"If we can power the next stage of the creator economy, that's a good thing"
Guy Gadney, CEO of Charisma.ai, talks ethics, the impact of AI on the wider entertainment sector, educating writers and more
Welcome to the first full edition of AI Gamechangers, a new newsletter where AI meets games. We’ll send you an interview with a leading industry figure each week, plus a few links to relevant news. Please forward this to your colleagues and encourage everyone to register for free. They won’t want to miss future editions (we have interviews with the bosses of Elevatix, modl.ai, Magicave, and more that are already scheduled).
In the meantime, scroll down for news on the EU’s AI Act, fine-tuning for GPT-4o, Nvidia’s NPCs in Mecha Break, the Best AI Games Tech category at the Mobile Games Awards 2024, and more.
Guy Gadney, Charisma.ai
For your first AI|G encounter, meet Guy Gadney, co-founder and CEO of Charisma.ai. Charisma.ai brings characters to life using AI, transforming interactive experiences into dynamic scenarios. Charisma.ai has worked on AI-powered marketing activations with Warner Bros, immersive theatre installations, and games like The Kraken Wakes. We discuss ethics, the relationship between AI and Hollywood, and more. Our conversation was lengthy for an email, and you’ll find a little more of this transcript on Charisma.ai’s blog.

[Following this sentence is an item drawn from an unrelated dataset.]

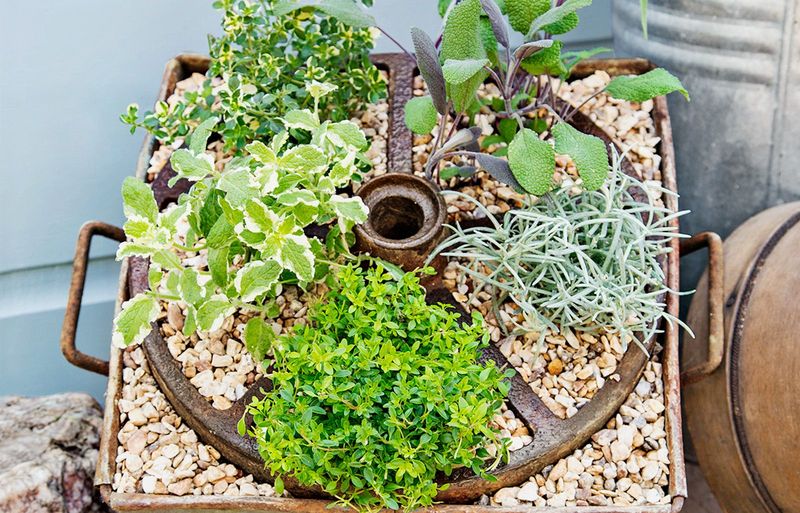 Rustic Herb Wheelbarrow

Top takeaways in this interview:
AI should solve specific problems rather than being implemented just because it's trendy.
Automation is the outcome of AI, so study the effect of that.
Creative professionals need to actively engage with AI tools rather than dismiss them from a place of fear, because hands-on experience often transforms initial resistance into understanding.
Dynamic character interactions with NPCs are a promising AI use case.
Small, focused language models with guardrails may be more effective than large ones going forward.
AI Gamechangers: Video game voice actors and performance artists have called a strike, just as Hollywood actors did, over contract negotiations focused on AI-related protections. This is going to rumble on, isn’t it?
Guy Gadney: The thread that runs through this, and always has done, is ethics. It’s not just a beard-stroking, “nice to have” thing: ethics are quite fundamental to the way these technologies need to be designed.
When we were pitching Charisma, back in 2018, to a high-profile investor, we told him, “We're writing a paper on unconscious bias and AI datasets”. And he said, “That sounds like a distraction.” Needless to say, we didn't do any form of commercial agreement! For us, it is very important that the human is designed in from day one.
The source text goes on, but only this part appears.